The Merger Agreement contains representations and warranties and covenants of the parties customary for a transaction of this nature. During the period from the date of the Merger Agreement until the Effective Time, each of Ebix and Yatra has agreed, subject to certain exceptions, to certain covenants relating to, among other things, (i) the conduct of their respective businesses and (ii) the use of their respective reasonable best efforts to obtain governmental and regulatory approvals. In addition, subject to certain exceptions, Yatra has agreed to covenants relating to (i) the submission of the Merger Agreement to Yatra’s stockholders at a special meeting thereof for adoption (ii) the recommendation by the board of directors of Yatra in favor of the adoption by the Yatra stockholders of the Merger Agreement and (iii) cancellation of certain outstanding warrants.
The Merger Agreement contains certain termination rights for Ebix and Yatra, including, among others, the right of either party to terminate the Merger Agreement if (i) the Merger has not been consummated on or prior to April 16, 2020, (ii) any court or other governmental authority of competent jurisdiction has issued an order or taken any other actions permanently restraining, enjoining or otherwise prohibiting the Merger, and such order or other action has become final and nonappealable, (iii) the Yatra Stockholder Approval is not obtained at an extraordinary general meeting of Yatra stockholders called for the purpose of voting on the Special Resolution to approve the Merger and Merger Agreement, or (iv) the other party breaches its representations, warranties or covenants in a manner that results in the failure of the related closing condition to be satisfied (subject to a cure period in certain circumstances). In addition, prior to the receipt of the Yatra Stockholder Approval, (i) Yatra may terminate the Merger Agreement in order to enter into a definitive agreement for an acquisition proposal that constitutes a Superior Proposal (as defined in the Merger Agreement) and (ii) Ebix may terminate the Merger Agreement as a result of Yatra’s board of directors changing its recommendation with respect to the Merger Agreement. The Merger Agreement also provides that under specified circumstances, including a termination by Yatra to enter into a definitive agreement for an acquisition proposal that constitutes a Superior Proposal or a termination by Ebix as a result of the Yatra’s board of directors changing its recommendation with respect to the Merger Agreement, Yatra will pay Ebix a termination fee of $8,160,000. Further, the Merger Agreement provides that if the Merger Agreement is terminated by Yatra or Ebix under certain specified circumstances where the termination fee is not payable, Yatra will pay Ebix all reasonable, documented expenses incurred or paid by or on behalf of Ebix or Merger Sub in connection with the Merger, up to $4,000,000.
In addition, Yatra has agreed to certain non-solicitation obligations relating to alternative acquisition proposals.
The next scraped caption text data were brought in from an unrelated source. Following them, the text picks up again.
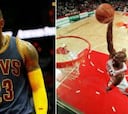LeBron James (31-8-6) supera a Michael Jordan en los Playoffs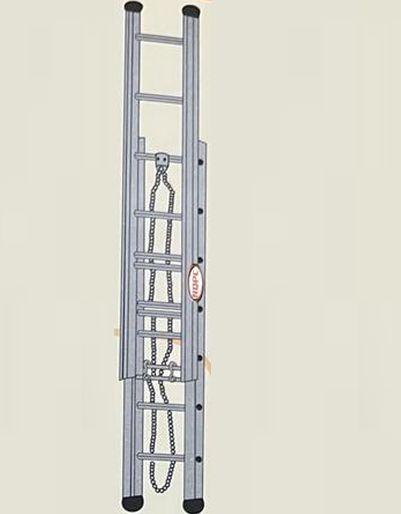 Polished Metal Extension Ladder, for Construction, Industrial, Feature : Durable, Fine Finishing, Heavy Weght Capacity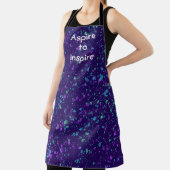 Aspire to Inspirier - Paint Spritzer Schürze (InSitu)
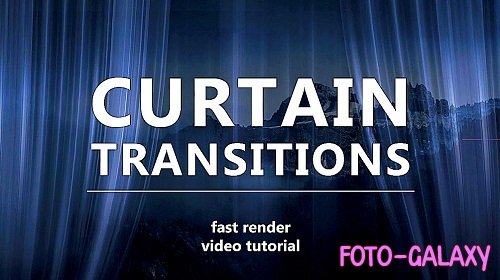 Curtain Transitions 1937121 - Project For Final Cut Pro X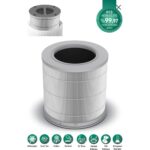 Kiwi Kap-6730f Kap-6730 Ve Xiaomi Akıllı Hava Temizleyici Uyumlu Filtre - Görsel 3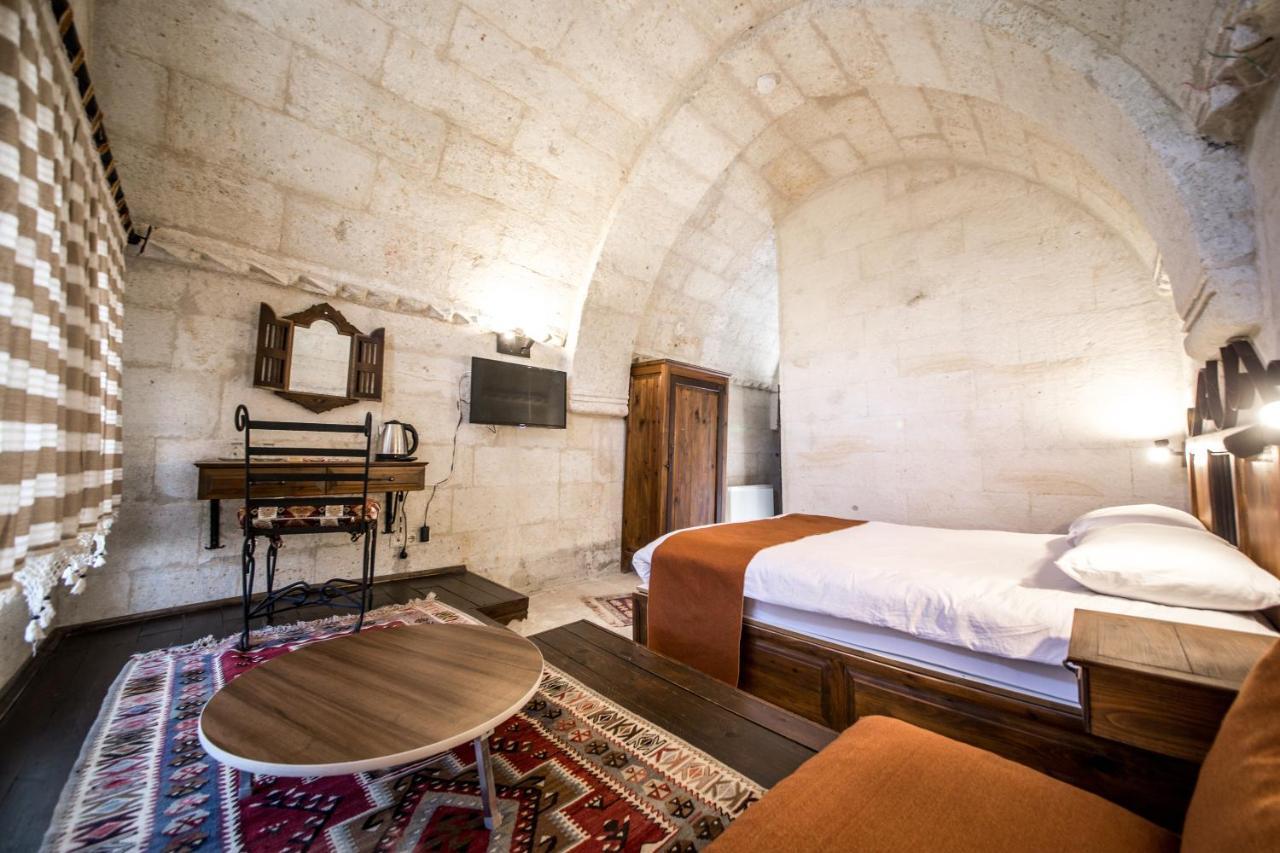 Harkasos Cave Hotel ウルギュップ エクステリア 写真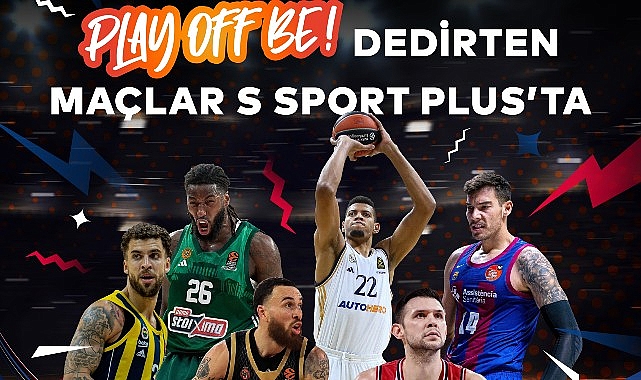 Avrupa'nın en prestijli basketbol organizasyonu olan Turkish Airlines EuroLeague S Sport Plus'ta canlı yayında- Haber Şafak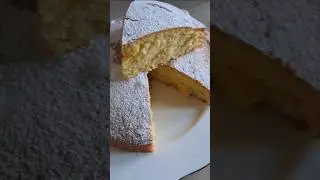 TORTA PARADISO, sofficissima, dal sapore fresco di 🍋 e vaniglia,perfetta per ogni occasione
Yatra further agreed not to, subject to certain exceptions, provide non-public information to, or engage in discussions or negotiations with, third parties regarding alternative acquisition proposals. However, prior to the time when the Yatra Stockholder Approval is obtained, Yatra may, in certain circumstances and in compliance with certain obligations, provide non-public information to, and participate in discussions or negotiations with third parties with respect to alternative acquisition proposals that were not solicited in violation of the Merger Agreement and, subject to compliance with certain other obligations, change its recommendation that Yatra’s stockholders adopt the Merger Agreement and/or terminate the Merger Agreement to enter into a definitive agreement with respect to an acquisition proposal that constitutes a Superior Proposal (as defined in the Merger Agreement).
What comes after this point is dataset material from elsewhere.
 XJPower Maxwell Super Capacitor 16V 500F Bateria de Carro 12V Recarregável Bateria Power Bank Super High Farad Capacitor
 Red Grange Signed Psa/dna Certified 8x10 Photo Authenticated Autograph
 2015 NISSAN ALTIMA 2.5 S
The Merger Agreement governs the contractual rights between the parties in relation to the Merger. The foregoing description of the Merger Agreement does not purport to be complete and is qualified in its entirety by reference to the full text of the Merger Agreement, a copy of which is attached as Exhibit 2.1 to this Current Report on Form 8-K and is incorporated herein by reference. A copy of the Merger Agreement has been included to provide Ebix stockholders, Yatra stockholders and other persons with information regarding its terms and is not intended to provide any factual information about Ebix or Yatra. The representations, warranties and covenants contained in the Merger Agreement have been made solely for the purposes of the Merger Agreement and as of specific dates; are solely for the benefit of the parties to the Merger Agreement; are not intended as statements of fact to be relied upon by Ebix stockholders, Yatra stockholders or other persons, but rather as a way of allocating the risk between the parties in the event the statements therein prove to be inaccurate; have been modified or qualified by certain confidential disclosures that were made between the parties in connection with the negotiation of the Merger Agreement, which disclosures are not reflected in the Merger Agreement itself; may no longer be true as of a given date; and may apply standards of materiality in a way that is different from what may be viewed as material by Ebix stockholders, Yatra stockholders or other persons. Ebix stockholders, Yatra stockholders and other persons are not third-party beneficiaries under the Merger Agreement (except, following the Effective Time, with respect to Yatra stockholders’ right to receive the Merger Consideration and the right of holders of Yatra equity awards to receive the consideration provided for such equity awards pursuant to the Merger Agreement and certain other limited obligations) and should not rely on the representations, warranties and covenants or any descriptions thereof as characterizations of the actual state of facts or condition of Ebix, Yatra or Merger Sub. Moreover, information concerning the subject matter of the representations and warranties may change after the date of the Merger Agreement, which subsequent information may or may not be fully reflected in Ebix’s or Yatra’s public disclosures. Ebix acknowledges that, notwithstanding the inclusion of the foregoing cautionary





statements, it is responsible for considering whether additional specific disclosures of material information regarding material contractual provisions are required to make the statements in this Current Report on Form 8-K not misleading.

Item 8.01 Other Events.

On July 17, 2019, Ebix and Yatra issued a joint press release announcing the execution of the Merger Agreement. A copy of the press release is attached as Exhibit 99.1 to this Current Report on Form 8-K and incorporated herein by reference.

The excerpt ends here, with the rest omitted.